Mixed Strategy Nash Equilibrium in this game?

Question

         L (q)  R (1-q)
l (p)   [(2, 1), (0, 1)]
r (1-p) [(-1, 0), (1,7)]

I'm having a lot of trouble understanding what the mixed strategy nash equilibrium is exactly in this game. What I've done thus far is found that Player 1 will play "l" with probability p=1 :

$$ E_1[L] = E_2[R] \\ 1p 0(1-p) = 1p + 7(1-p) \\ 7p = 7 \\ p = 1 $$

Then, when solving for player 2, I get that they will mix with strategy q = 1/4:

$$ E_1[l] = E_1[r] \\ 2q + 0(1-q) = -1q + 1(1-q) \\ 2q = -2q + 1 \\ 4q = 1 \\ q=1/4 $$

However, in the solution I was given when trying this problem, it says that the Mixed NE is in fact:

$$ \textrm {\{l, q*L + (1-q)*R\} where } q \in [1/4, 1] $$

I'm not quite understanding why in this situation q isn't simply 1/4 and instead includes all values of q above 1/4. Also, if player 1 has the strategy of always choosing "l", in that case wouldn't it at least make sense that q could just be any number [0,1] since player 2 would always be indifferent between the payoff of 1 they would receive from (2,1) or (0,1)?

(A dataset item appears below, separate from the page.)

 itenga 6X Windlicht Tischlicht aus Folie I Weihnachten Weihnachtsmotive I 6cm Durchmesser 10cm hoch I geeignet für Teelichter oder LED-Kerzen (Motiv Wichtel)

Sorry if this is too simple of a problem to post here, I'm sure there is a simple explanation here that I'm just not getting but this problem has been annoying me for a little while and I'd appreciate any help!

Answer 1

I think, there is a problem with the method that you chose.

Let me first explain why for any $q\in [1/4,1]$, $(1,q)$ is indeed a Nash equilibrium. First, as you say, if $p=1$ then whatever second player is doing, his gain will be $1$. Second, let us prove that if $q\in [1/4,1]$, then indeed the best response for the first player is to chose $p=1$. I.e. we need to prove that

$2\cdot q\ge 2\cdot p\cdot q+ (1-p)\cdot (-q+1-q)=4p\cdot q-2q+1$

this is equivalen to say that $4q(1-p)\ge 1-p$. But this is indeed true since $q\ge 1/4$.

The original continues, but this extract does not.